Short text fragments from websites
▬▬▬
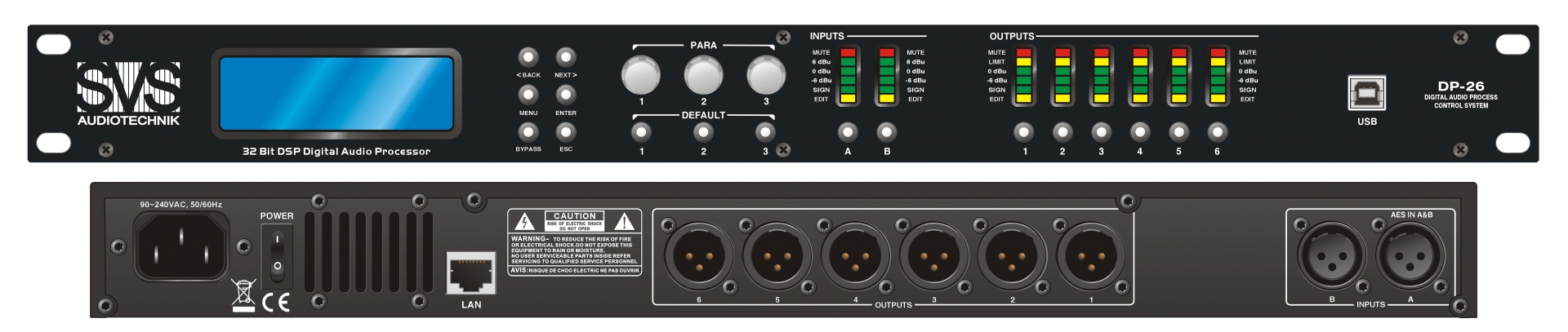 SVS Audiotechnik DP-26 Цифровой процессор: 2 входа 6 выходов в Карталах
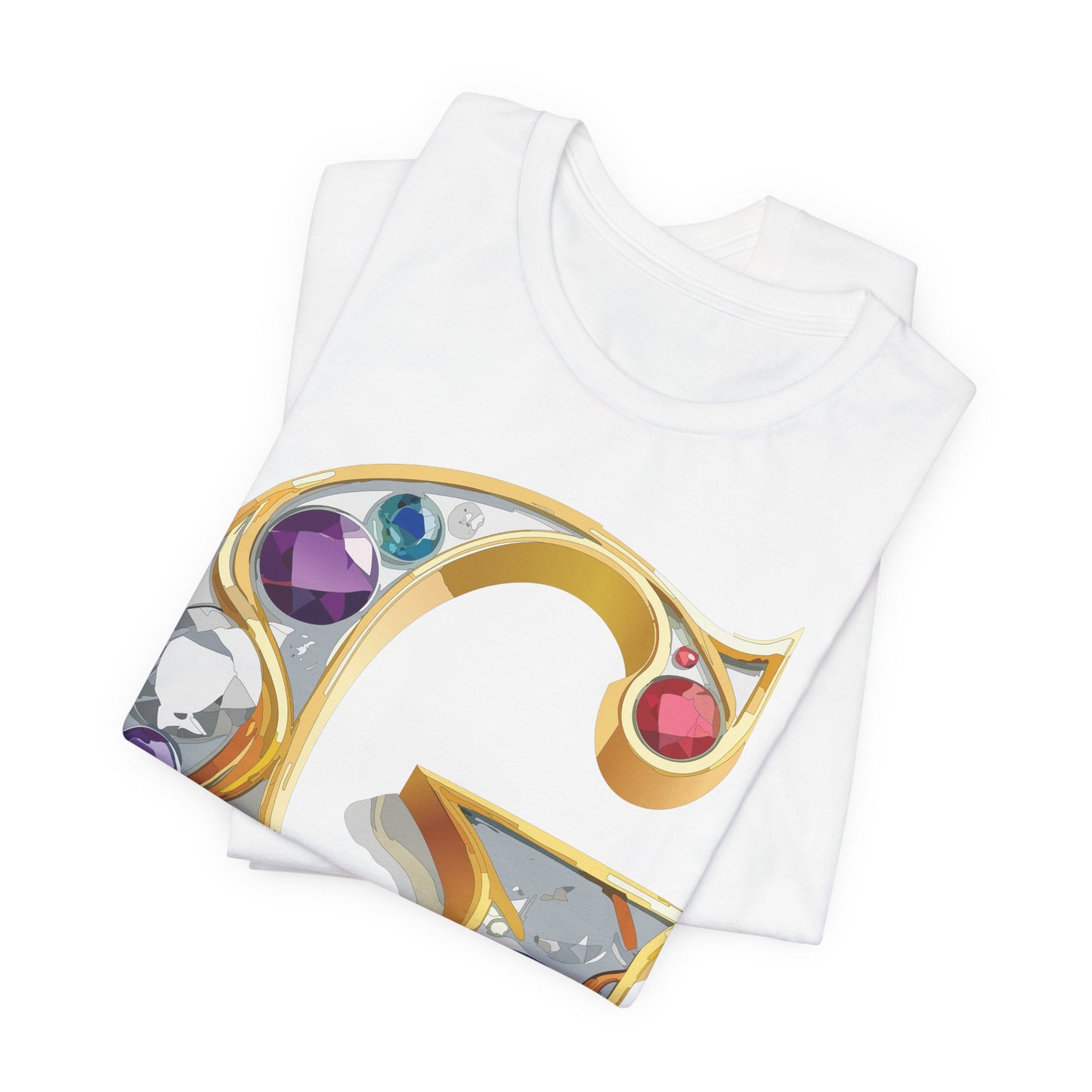 Letter Shirt, Shirt with Letters, Tee Shirt with Gold Letter, Shirt with Antique Letters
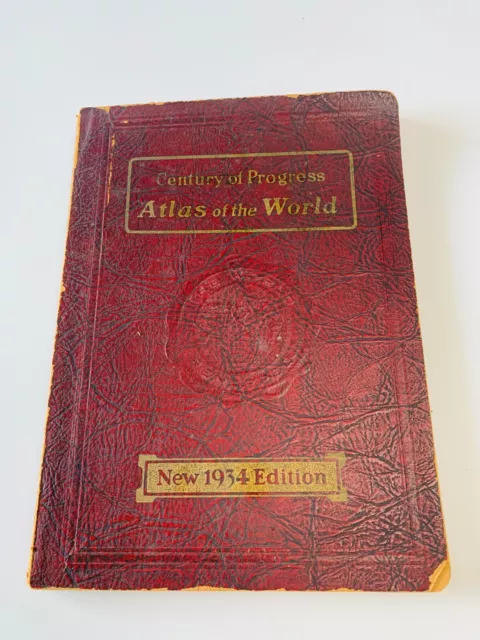 Century Of Progress Atlas Of The World by Lloyd Smith World's Fair Edition Book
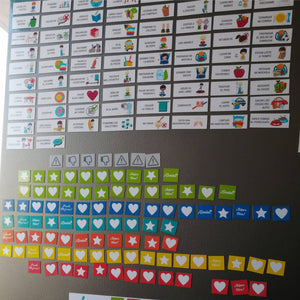 Tablero de tareas + incentivos para niños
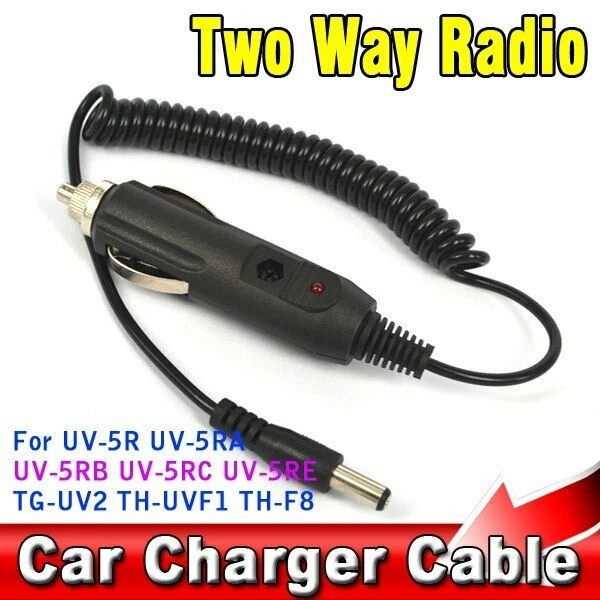 Accendisigari auto 12 V DC 5,5 mm*2,1 mm 1,2 m caricabatterie filo molla retrattile NE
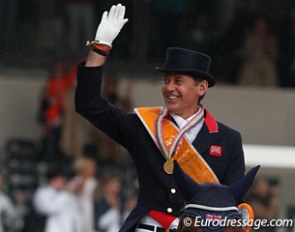Emile Faurie at the 2011 European Dressage Championships in Rotterdam :: Photo © Astrid Appels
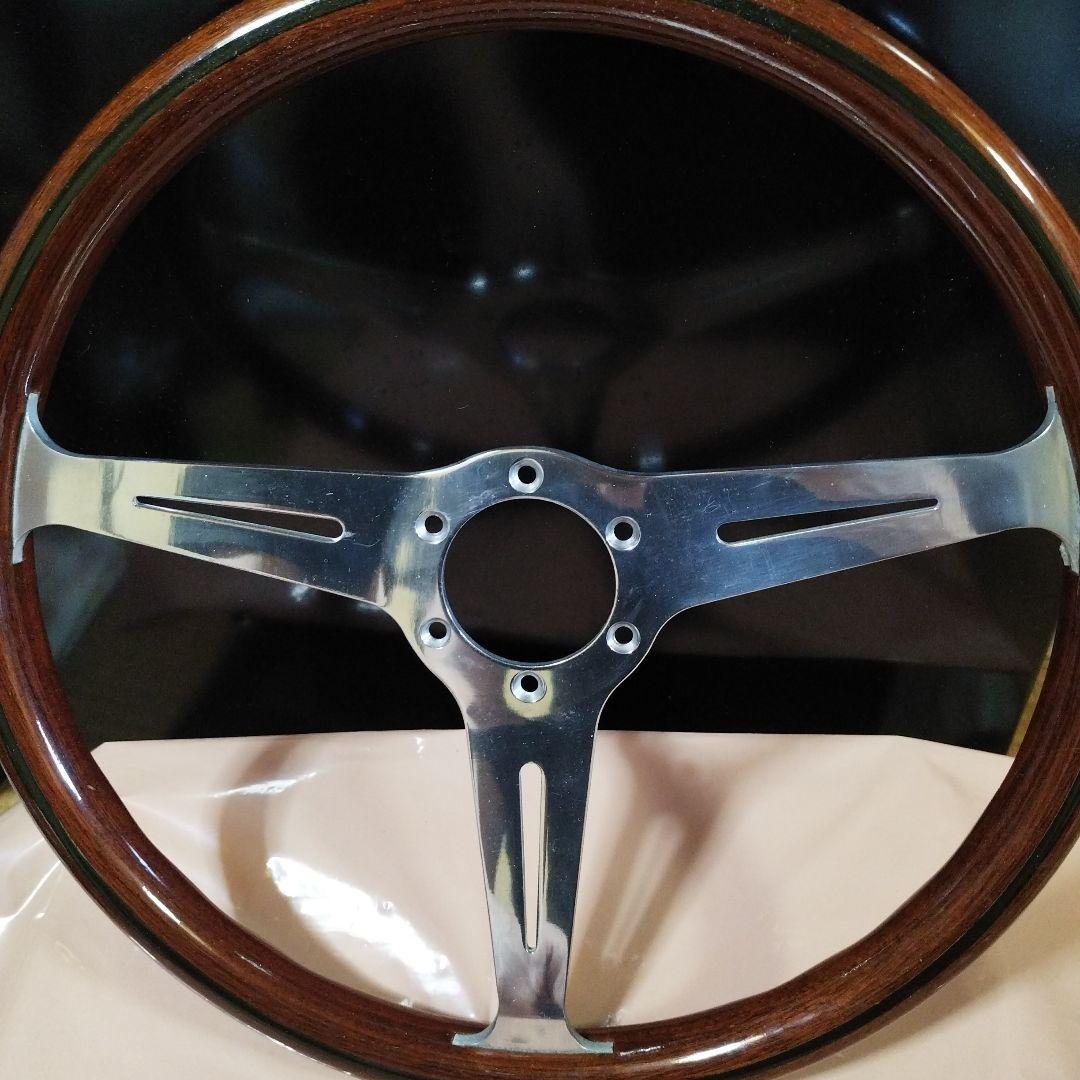 ウッドとメタルのステアリング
▬▬▬
Would you please copy, exactly and only, the lines from the one with "Tablero de tareas + incentivos para niños" through the end of the entries above, skipping every picture?

Output for this exercise:
 Tablero de tareas + incentivos para niños
 Accendisigari auto 12 V DC 5,5 mm*2,1 mm 1,2 m caricabatterie filo molla retrattile NE
Emile Faurie at the 2011 European Dressage Championships in Rotterdam :: Photo © Astrid Appels
 ウッドとメタルのステアリング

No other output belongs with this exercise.